During the assessment, the service tested the MQ-8C’s endurance, reliability and performance, including its ability to survey maritime and land targets, Naval Air Systems Command (NAVAIR) stated in a news release on Nov. 30. Its sensors and systems were tested at different altitudes and ranges during day and nighttime conditions. The OA also evaluated the integration of an improved ice detector system that alerts the crew to icy conditions, allowing them to lower the aircraft so that it can continue its mission.

The three weeks of OA tests took place at Naval Base Ventura County in Point Mugu, Calif., and consisted of 11 land-based flights totaling 83.4 hours, NAVAIR said.

Capt. Jeff Dodge, the Navy’s Fire Scout program manager, said the service was happy with the performance of the MQ-8C, which met or exceeded its goals for endurance and range during the OA.

“We have some minor improvements to make before we get to Initial Operational Test and Evaluation (IOT&E), but we believe the system will meet the fleet’s requirements,” he told sister publication Defense Daily in a written statement. “In order to further increase performance, we are working to bring additional sensors and weapons on to the aircraft.”

The service in November closed out a request for proposals for one of those systems: a maritime search radar to boost the Fire Scout’s intelligence, surveillance and reconnaissance capability.

Once fielded, the Northrop Grumman [NOC]-manufactured unmanned aerial vehicle (UAV) will fly off the decks of Littoral Combat Ships and other vessels to conduct reconnaissance and provide precision targeting support for manned assets on the ground, sea and air.

Initial ship-based testing is scheduled to begin in fiscal year 2017, although the Navy has not yet identified the ship that will host those tests, a NAVAIR spokeswoman said.

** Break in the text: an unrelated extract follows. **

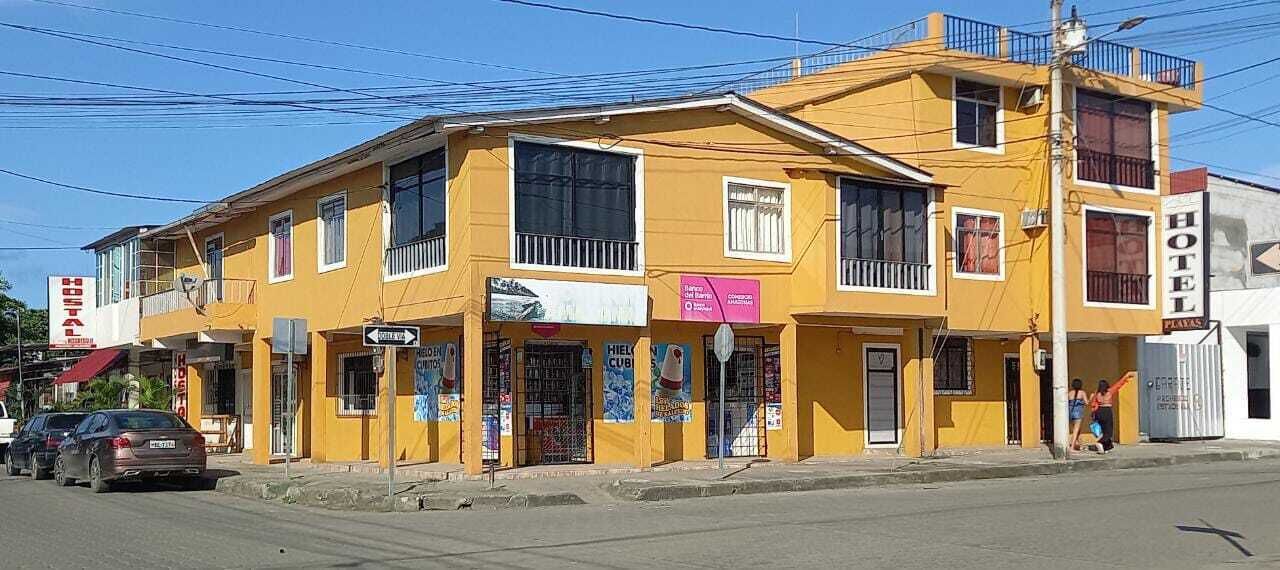 Um edifício amarelo com várias placas, incluindo 'HIELCUB' e 'HOTEL'.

Leslie Smith, Northrop Grumman’s Fire Scout program director, said in a company statement that “the completion of land-based OA is once again validation of the incredible performance the Fire Scout system is capable of.”

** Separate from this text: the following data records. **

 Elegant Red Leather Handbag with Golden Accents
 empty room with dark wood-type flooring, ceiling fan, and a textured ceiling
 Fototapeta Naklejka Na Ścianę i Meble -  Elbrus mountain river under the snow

A smaller version of the Fire Scout, the MQ-8B, is already operating in the fleet. The “Bravo” variant currently is deployed with the Freedom-class LCS USS Fort Worth (LCS-3) in Southeast Asia, where the drone partners with manned MH-60 Seahawk helicopters.

The MQ-8C, which is based on the manned Bell Helicopter Textron [TXT] 407 helicopter, will provide twice the endurance and  has a 700-pound payload capability that is three times the size of the MQ-8B.  The “Charlie” variant has a range of 150 nautical miles, and has logged 427 flights and more than 730 flight hours, NAVAIR said.